Earlier news

Bishops Stortford news by Jane Moseley (July 2010)

Top Bar Hives & Friendly Bees

Another beautiful sunny afternoon spent with 22 members of the BSBKA group and an interesting afternoon it proved to be. A big thank you to Paul and Julie Cooper for hosting the meeting and supplying us with never ending pots of tea and a wonderful selection of homemade cakes, including some made from their own honey.

We welcomed Carol & Steve Rogers to the group as new members, who have yet to get their Bees but like so many are avidly absorbing as much information as possible before they arrive.

Paul has 4 Hives, 3 of which are located on the edge of farmland in a neighbour’s field and one in his back garden. As a large group it was deemed that we stay in the garden a look at those there, Paul wanted to see how much had been capped and demonstrate how to remove laden frames from the hive with minimal excitement.

Before we got to see them he unveiled his Top Bar Hive which Paul had made this spring. Although it was without Bees at the time it was a great opportunity to see this up close and personal, hear about the problems he had encountered using this type of hive. Having adapted plans from the internet the Bees had rejected the new hive for reasons he could only summise. 

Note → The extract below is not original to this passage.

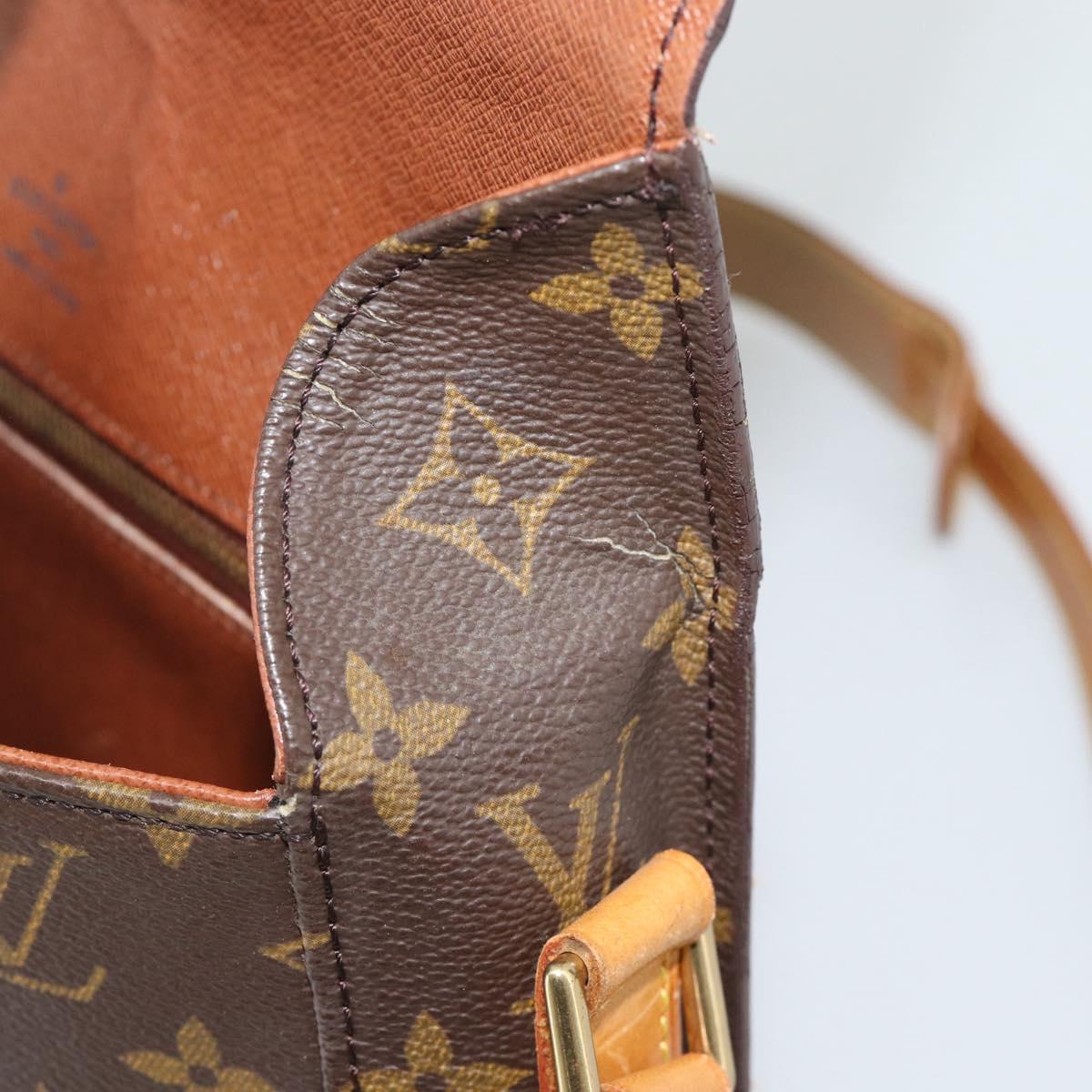 LOUIS VUITTON Monogram Saint Cloud GM Shoulder Bag M51242 LV Auth 192912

Prior to doing an artificial swarm with his ‘nice’ bees each of the Top Bars had been loaded with a strip of starter wax. This was done by melting a strip of foundation into the channel routed into the bar.  One of the bars had been given a section of drawn comb to encourage the Bees to follow suit. Two artificial swarms have been attempted in this so far, the first was done just before the frost snap in May and unfortunately the space was too large and they died as a result of the cold snap. A second attempt was made with another artificial swarm and they drew one comb and then decided that it wasn’t for them and departed.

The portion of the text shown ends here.